§ TASK DESCRIPTION: From the entries that follow, reproduce exactly and only the lines from the line with "green background, watermelon" to the line with "Bigfoot Forest Monster", endpoints included.

[Start of section]

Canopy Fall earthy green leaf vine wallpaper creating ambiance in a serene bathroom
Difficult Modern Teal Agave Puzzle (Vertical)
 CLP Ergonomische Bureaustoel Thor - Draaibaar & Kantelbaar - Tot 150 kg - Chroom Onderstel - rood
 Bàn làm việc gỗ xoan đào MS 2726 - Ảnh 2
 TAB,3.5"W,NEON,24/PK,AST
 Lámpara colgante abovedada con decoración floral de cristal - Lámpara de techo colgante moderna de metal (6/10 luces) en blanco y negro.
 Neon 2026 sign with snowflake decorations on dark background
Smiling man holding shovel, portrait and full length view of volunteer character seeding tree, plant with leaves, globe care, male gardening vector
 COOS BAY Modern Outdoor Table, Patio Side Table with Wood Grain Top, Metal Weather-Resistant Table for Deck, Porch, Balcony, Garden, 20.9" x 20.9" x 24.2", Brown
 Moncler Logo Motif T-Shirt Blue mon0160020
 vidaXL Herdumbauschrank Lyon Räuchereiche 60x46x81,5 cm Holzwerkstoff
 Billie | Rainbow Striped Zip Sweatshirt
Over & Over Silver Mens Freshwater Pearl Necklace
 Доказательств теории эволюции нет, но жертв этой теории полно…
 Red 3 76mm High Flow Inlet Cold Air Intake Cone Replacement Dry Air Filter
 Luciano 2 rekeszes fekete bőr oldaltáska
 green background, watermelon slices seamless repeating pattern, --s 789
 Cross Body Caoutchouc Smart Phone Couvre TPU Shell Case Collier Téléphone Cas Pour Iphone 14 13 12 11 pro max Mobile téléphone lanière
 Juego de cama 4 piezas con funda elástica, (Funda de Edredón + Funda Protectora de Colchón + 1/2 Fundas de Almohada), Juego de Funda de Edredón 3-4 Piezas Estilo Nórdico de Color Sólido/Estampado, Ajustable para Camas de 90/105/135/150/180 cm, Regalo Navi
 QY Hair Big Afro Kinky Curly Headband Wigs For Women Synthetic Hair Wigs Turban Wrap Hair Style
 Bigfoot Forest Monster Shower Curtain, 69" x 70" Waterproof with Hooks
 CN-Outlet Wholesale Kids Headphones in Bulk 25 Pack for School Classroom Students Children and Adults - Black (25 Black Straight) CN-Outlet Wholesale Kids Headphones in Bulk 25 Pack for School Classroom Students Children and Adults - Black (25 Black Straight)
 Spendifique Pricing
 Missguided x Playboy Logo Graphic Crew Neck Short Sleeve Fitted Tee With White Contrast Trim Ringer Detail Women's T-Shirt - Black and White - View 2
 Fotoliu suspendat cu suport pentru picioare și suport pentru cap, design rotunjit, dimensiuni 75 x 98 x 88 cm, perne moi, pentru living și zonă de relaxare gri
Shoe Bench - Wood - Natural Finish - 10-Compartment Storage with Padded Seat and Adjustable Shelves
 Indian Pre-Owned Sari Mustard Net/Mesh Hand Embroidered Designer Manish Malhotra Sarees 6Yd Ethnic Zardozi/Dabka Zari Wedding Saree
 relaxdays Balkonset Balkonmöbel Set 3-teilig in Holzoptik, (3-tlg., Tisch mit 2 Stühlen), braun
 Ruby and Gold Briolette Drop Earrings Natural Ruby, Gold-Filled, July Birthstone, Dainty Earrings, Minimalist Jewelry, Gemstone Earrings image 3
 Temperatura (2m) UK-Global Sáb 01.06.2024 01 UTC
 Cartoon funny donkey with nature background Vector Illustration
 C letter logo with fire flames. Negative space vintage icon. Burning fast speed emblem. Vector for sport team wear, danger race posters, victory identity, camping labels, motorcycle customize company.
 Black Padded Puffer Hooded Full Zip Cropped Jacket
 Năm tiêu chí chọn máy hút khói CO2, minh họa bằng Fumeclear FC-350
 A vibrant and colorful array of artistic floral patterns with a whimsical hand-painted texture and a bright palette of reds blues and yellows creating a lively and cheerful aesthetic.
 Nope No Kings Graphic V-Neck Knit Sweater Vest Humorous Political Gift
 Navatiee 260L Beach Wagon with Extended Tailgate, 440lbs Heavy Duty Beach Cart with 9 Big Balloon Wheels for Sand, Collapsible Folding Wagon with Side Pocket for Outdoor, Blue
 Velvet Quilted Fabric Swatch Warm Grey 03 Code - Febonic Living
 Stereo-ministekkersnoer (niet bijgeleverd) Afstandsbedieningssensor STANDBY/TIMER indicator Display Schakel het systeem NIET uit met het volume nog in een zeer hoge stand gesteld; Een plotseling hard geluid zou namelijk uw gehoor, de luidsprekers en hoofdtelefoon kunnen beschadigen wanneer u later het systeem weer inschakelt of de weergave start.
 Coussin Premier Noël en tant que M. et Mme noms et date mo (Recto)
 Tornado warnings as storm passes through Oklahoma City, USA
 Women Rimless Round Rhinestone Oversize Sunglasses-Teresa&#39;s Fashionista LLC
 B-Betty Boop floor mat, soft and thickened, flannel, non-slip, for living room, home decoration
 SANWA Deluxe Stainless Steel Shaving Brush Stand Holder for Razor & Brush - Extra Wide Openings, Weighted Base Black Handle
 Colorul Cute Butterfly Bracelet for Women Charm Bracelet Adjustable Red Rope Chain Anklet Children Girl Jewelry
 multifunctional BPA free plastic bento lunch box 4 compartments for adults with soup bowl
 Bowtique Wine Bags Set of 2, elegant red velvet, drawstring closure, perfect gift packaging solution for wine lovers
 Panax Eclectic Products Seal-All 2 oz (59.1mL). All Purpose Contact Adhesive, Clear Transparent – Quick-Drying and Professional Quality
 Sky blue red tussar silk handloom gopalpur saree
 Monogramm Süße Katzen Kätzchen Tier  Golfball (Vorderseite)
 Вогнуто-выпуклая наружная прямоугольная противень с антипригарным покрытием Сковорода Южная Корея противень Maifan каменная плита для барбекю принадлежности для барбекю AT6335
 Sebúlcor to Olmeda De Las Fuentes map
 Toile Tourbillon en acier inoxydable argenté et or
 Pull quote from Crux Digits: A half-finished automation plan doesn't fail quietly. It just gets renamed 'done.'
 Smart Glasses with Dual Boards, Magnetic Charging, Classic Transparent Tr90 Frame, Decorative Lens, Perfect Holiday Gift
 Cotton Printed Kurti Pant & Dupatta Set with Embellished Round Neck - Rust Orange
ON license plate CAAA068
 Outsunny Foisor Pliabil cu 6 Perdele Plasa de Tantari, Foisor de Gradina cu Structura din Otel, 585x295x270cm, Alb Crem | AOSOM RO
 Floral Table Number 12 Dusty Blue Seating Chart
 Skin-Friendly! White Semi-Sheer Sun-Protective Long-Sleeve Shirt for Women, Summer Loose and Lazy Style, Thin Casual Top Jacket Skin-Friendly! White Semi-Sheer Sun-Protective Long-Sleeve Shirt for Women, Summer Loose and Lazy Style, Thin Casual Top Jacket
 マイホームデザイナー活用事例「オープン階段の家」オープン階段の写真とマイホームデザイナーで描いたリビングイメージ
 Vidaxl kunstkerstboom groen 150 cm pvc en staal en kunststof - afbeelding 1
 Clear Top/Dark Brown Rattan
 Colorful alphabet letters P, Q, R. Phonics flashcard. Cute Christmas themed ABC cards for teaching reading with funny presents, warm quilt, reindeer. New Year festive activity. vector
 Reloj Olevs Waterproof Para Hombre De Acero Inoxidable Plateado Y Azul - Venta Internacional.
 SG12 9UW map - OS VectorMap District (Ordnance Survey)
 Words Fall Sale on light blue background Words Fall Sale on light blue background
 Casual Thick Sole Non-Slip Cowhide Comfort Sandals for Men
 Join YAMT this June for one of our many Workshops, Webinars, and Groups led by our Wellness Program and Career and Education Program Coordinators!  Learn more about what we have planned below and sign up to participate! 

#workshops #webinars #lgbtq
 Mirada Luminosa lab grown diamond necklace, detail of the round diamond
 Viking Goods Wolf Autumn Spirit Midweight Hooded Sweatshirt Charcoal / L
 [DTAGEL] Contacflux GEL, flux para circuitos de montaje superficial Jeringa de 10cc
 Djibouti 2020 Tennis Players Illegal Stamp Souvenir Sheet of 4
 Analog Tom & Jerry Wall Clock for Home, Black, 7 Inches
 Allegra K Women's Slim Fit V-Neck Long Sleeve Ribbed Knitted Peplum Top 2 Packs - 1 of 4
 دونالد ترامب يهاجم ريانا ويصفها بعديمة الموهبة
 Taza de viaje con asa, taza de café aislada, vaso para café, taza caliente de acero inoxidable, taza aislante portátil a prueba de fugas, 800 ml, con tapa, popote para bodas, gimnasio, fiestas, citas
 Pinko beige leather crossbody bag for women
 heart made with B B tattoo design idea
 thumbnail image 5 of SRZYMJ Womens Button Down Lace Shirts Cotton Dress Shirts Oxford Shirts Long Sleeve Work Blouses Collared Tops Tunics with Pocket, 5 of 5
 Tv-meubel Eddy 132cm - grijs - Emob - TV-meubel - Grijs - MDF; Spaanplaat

[End of section]

§ EXERCISE RESPONSE:
 green background, watermelon slices seamless repeating pattern, --s 789
 Cross Body Caoutchouc Smart Phone Couvre TPU Shell Case Collier Téléphone Cas Pour Iphone 14 13 12 11 pro max Mobile téléphone lanière
 Juego de cama 4 piezas con funda elástica, (Funda de Edredón + Funda Protectora de Colchón + 1/2 Fundas de Almohada), Juego de Funda de Edredón 3-4 Piezas Estilo Nórdico de Color Sólido/Estampado, Ajustable para Camas de 90/105/135/150/180 cm, Regalo Navi
 QY Hair Big Afro Kinky Curly Headband Wigs For Women Synthetic Hair Wigs Turban Wrap Hair Style
 Bigfoot Forest Monster Shower Curtain, 69" x 70" Waterproof with Hooks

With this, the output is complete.